PROBLEM TO WORK ON = All of these records need to be duplicated exactly.

DATA IN THIS EXERCISE =
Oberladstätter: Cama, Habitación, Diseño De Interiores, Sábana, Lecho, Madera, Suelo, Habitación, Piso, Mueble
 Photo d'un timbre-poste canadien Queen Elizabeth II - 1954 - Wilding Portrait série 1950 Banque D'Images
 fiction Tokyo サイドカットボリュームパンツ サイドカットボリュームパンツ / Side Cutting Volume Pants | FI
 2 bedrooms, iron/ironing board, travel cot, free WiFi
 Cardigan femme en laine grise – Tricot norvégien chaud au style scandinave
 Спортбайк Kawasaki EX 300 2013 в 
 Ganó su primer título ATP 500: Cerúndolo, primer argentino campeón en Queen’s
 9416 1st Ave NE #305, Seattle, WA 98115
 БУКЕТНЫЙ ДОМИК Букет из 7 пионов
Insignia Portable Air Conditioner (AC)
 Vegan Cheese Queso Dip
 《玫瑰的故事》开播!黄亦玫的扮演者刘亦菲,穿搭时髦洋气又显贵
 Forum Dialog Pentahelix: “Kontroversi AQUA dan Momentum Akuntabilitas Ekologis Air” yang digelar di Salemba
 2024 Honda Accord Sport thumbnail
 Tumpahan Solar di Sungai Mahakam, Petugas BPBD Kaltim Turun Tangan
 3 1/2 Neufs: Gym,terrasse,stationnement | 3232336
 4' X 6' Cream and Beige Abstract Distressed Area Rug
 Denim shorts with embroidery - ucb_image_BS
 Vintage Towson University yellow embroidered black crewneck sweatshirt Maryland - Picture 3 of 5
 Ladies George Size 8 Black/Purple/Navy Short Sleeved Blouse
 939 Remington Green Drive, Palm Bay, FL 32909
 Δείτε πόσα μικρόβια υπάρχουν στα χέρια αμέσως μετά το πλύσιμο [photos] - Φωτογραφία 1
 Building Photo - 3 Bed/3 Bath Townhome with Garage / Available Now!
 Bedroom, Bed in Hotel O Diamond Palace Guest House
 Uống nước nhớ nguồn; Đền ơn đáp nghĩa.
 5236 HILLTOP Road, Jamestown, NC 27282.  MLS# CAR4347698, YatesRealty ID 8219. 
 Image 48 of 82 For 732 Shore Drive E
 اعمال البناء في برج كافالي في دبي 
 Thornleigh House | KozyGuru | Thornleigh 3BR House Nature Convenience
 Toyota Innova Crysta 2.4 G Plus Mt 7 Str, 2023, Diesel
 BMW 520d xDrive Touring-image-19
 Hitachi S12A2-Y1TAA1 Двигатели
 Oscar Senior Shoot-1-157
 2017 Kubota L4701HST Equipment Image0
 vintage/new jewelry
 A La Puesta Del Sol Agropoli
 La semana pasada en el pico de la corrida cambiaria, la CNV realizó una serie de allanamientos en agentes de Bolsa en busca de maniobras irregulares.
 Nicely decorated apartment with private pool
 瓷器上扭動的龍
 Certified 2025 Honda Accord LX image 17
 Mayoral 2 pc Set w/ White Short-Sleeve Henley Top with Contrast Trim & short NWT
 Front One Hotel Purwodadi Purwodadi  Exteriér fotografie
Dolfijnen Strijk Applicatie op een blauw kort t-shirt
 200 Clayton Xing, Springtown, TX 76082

EXERCISE RESPONSE =
Oberladstätter: Cama, Habitación, Diseño De Interiores, Sábana, Lecho, Madera, Suelo, Habitación, Piso, Mueble
 Photo d'un timbre-poste canadien Queen Elizabeth II - 1954 - Wilding Portrait série 1950 Banque D'Images
 fiction Tokyo サイドカットボリュームパンツ サイドカットボリュームパンツ / Side Cutting Volume Pants | FI
 2 bedrooms, iron/ironing board, travel cot, free WiFi
 Cardigan femme en laine grise – Tricot norvégien chaud au style scandinave
 Спортбайк Kawasaki EX 300 2013 в 
 Ganó su primer título ATP 500: Cerúndolo, primer argentino campeón en Queen’s
 9416 1st Ave NE #305, Seattle, WA 98115
 БУКЕТНЫЙ ДОМИК Букет из 7 пионов
Insignia Portable Air Conditioner (AC)
 Vegan Cheese Queso Dip
 《玫瑰的故事》开播!黄亦玫的扮演者刘亦菲,穿搭时髦洋气又显贵
 Forum Dialog Pentahelix: “Kontroversi AQUA dan Momentum Akuntabilitas Ekologis Air” yang digelar di Salemba
 2024 Honda Accord Sport thumbnail
 Tumpahan Solar di Sungai Mahakam, Petugas BPBD Kaltim Turun Tangan
 3 1/2 Neufs: Gym,terrasse,stationnement | 3232336
 4' X 6' Cream and Beige Abstract Distressed Area Rug
 Denim shorts with embroidery - ucb_image_BS
 Vintage Towson University yellow embroidered black crewneck sweatshirt Maryland - Picture 3 of 5
 Ladies George Size 8 Black/Purple/Navy Short Sleeved Blouse
 939 Remington Green Drive, Palm Bay, FL 32909
 Δείτε πόσα μικρόβια υπάρχουν στα χέρια αμέσως μετά το πλύσιμο [photos] - Φωτογραφία 1
 Building Photo - 3 Bed/3 Bath Townhome with Garage / Available Now!
 Bedroom, Bed in Hotel O Diamond Palace Guest House
 Uống nước nhớ nguồn; Đền ơn đáp nghĩa.
 5236 HILLTOP Road, Jamestown, NC 27282.  MLS# CAR4347698, YatesRealty ID 8219. 
 Image 48 of 82 For 732 Shore Drive E
 اعمال البناء في برج كافالي في دبي 
 Thornleigh House | KozyGuru | Thornleigh 3BR House Nature Convenience
 Toyota Innova Crysta 2.4 G Plus Mt 7 Str, 2023, Diesel
 BMW 520d xDrive Touring-image-19
 Hitachi S12A2-Y1TAA1 Двигатели
 Oscar Senior Shoot-1-157
 2017 Kubota L4701HST Equipment Image0
 vintage/new jewelry
 A La Puesta Del Sol Agropoli
 La semana pasada en el pico de la corrida cambiaria, la CNV realizó una serie de allanamientos en agentes de Bolsa en busca de maniobras irregulares.
 Nicely decorated apartment with private pool
 瓷器上扭動的龍
 Certified 2025 Honda Accord LX image 17
 Mayoral 2 pc Set w/ White Short-Sleeve Henley Top with Contrast Trim & short NWT
 Front One Hotel Purwodadi Purwodadi  Exteriér fotografie
Dolfijnen Strijk Applicatie op een blauw kort t-shirt
 200 Clayton Xing, Springtown, TX 76082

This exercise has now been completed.